• **What you have to do**: Show, from the entries below, every line in which "Street" appears.

• **Given information**:
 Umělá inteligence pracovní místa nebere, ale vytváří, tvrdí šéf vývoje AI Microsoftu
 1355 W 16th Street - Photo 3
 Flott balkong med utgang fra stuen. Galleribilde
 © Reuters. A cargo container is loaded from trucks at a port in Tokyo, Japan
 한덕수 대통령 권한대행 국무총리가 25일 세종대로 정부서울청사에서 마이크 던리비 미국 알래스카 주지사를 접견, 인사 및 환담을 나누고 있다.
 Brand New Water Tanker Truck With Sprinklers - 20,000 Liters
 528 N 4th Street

• **Task result**:
 1355 W 16th Street - Photo 3
 528 N 4th Street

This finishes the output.